Other doctors stated as follows: Dr. R said that he agreed with Dr. K that decedent had a brain stem stroke, pointing out that the classic signs of heatstroke were not present. Dr. Ko stated that the chances of a brain stem stroke “microscopic in size” were exceedingly small. He said he contacted Dr. G and Dr. C, the Chairman of Neurology, and cited the number of military heatstroke cases Dr. C had examined. He had Dr. C talk with Dr. K, after which Dr. C concluded that the heatstroke was not caused by a brain stem stroke. Dr. J also concluded that heatstroke was the cause of death. She did not believe that there was a brain stem stroke and found no evidence of drugs or “natural disease.” Dr. S said that the circumstances were unusual for heatstroke; he thought that microscopic sections were needed to rule out a brain stem stroke.

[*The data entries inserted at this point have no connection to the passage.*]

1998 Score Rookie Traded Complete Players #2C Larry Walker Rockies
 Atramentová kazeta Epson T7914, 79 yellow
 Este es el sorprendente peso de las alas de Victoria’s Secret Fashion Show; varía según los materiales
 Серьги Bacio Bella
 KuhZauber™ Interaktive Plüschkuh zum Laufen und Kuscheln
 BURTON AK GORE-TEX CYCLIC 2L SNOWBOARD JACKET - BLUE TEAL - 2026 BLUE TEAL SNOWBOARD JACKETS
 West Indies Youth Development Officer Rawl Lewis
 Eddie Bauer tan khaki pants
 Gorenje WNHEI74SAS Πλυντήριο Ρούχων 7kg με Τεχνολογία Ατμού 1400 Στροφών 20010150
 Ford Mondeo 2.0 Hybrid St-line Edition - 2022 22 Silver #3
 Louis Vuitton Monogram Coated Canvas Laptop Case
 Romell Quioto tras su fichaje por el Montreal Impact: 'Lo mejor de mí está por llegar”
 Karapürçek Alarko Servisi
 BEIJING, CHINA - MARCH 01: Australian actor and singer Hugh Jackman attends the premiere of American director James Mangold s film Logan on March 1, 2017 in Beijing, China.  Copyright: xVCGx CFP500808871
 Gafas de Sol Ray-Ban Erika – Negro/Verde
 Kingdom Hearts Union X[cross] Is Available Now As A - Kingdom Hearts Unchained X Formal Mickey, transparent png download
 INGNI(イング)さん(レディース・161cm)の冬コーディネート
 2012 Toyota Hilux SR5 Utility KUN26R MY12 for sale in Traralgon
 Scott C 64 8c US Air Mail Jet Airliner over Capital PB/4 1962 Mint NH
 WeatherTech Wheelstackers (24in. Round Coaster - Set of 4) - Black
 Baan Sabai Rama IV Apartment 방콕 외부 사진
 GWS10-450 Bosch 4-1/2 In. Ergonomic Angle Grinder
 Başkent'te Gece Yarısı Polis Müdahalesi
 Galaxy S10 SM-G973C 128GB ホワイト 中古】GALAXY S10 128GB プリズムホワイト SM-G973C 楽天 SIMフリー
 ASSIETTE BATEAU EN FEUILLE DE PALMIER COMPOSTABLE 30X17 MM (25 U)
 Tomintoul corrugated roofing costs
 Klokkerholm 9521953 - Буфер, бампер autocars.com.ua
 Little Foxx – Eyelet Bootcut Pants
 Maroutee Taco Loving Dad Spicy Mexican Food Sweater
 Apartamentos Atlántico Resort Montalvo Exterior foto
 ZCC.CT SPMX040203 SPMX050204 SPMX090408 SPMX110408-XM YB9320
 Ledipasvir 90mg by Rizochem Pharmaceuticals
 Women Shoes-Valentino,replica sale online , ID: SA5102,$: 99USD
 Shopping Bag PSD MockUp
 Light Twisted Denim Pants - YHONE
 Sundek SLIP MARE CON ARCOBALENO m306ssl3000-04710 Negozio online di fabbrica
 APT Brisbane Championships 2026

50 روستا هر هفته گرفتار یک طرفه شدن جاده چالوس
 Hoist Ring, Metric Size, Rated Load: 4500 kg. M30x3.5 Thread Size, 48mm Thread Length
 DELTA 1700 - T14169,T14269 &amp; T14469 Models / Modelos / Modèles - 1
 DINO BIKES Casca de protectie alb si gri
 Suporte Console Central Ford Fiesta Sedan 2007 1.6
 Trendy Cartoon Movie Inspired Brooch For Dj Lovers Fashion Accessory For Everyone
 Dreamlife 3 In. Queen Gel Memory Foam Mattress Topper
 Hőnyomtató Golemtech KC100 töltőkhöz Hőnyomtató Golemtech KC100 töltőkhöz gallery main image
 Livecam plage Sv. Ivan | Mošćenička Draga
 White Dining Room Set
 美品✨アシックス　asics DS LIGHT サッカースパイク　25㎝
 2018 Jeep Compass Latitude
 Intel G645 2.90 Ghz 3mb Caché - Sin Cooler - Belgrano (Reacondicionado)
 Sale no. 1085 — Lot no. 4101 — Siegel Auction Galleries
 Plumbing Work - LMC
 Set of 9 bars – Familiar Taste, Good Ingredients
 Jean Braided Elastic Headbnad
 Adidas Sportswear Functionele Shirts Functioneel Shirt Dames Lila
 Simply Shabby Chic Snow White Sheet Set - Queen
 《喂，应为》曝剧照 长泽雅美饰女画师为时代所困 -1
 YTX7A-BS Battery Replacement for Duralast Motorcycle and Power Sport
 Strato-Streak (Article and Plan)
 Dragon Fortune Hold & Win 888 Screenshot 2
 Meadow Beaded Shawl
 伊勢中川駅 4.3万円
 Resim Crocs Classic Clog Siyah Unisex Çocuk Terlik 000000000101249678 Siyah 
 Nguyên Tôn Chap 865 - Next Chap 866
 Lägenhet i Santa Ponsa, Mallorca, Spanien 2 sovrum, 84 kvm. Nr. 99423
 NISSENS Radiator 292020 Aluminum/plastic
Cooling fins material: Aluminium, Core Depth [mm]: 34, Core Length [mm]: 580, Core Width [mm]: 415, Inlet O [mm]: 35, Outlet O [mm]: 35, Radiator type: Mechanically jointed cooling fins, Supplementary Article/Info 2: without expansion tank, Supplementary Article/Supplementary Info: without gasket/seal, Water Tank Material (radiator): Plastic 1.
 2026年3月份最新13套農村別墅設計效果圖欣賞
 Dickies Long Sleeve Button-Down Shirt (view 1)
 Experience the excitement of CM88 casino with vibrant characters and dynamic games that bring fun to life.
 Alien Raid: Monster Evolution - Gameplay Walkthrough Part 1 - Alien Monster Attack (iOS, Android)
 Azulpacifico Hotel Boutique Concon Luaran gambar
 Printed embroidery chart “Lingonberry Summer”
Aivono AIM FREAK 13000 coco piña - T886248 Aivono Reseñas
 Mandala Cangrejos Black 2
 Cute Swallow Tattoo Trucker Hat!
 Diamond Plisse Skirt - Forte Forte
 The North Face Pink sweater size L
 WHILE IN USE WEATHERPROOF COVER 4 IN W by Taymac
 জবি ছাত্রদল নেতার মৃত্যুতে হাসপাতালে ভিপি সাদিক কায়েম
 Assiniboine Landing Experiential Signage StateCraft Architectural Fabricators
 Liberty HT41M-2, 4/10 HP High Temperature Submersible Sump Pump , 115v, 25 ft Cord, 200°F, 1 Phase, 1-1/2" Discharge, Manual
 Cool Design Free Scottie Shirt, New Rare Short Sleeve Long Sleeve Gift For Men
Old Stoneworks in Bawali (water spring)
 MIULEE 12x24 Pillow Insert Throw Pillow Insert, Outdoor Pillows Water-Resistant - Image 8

Dr. B testified by phone. He is board certified in internal medicine, nephrology, and critical care medicine; he is a professor at a Medical School. He reviewed records and a deposition. He opined that basically all the medical opinions concluded that a heatstroke occurred, but he questioned what caused the heatstroke. He thought that the decedent’s nervous system was unable to regulate heat production or heat transference out of the body. He alluded to either an endocrine condition or the effects of drugs, such as those used to treat nausea or antihistamines, as interfering with decedent’s ability to regulate heat. He did not point out any evidence of either as being found in decedent, but stated that a healthy 24-year-old man does not have heatstroke in a 77degrees environment after two and one-half hours of work such as decedent was doing. He also put no credence in decedent’s recent work in a refrigerated location. He was of the opinion that decedent died of heatstroke due to something other than the work conditions. However, when asked if decedent’s work contributed to the heatstroke, Dr. B said that there would not have been a heatstroke if the decedent were “sitting around.” When asked later if “work were the cause,” Dr. B said “no, not of itself.” Dr. B also said that toxicological studies are not usually done for the type of drugs found in nausea medication or antihistamines that could have affected decedent’s ability to regulate his temperature. He did say, though, that decedent’s work was a contributor to this event, but added that without other factors, work would not have caused the heatstroke. The finding of fact that the medical evidence indicates that the decedent’s work caused overheating and death by heatstroke is sufficiently supported by the records relating to Dr. G, Dr. Ko, Dr. J, and the testimony of Dr. B, who agreed that the work contributed to the death. See Texas Workers’ Compensation Commission Appeal No. 952211, decided February 12, 1996, which pointed out that the injury related to the work could be a contributing cause and did not have to be the only cause.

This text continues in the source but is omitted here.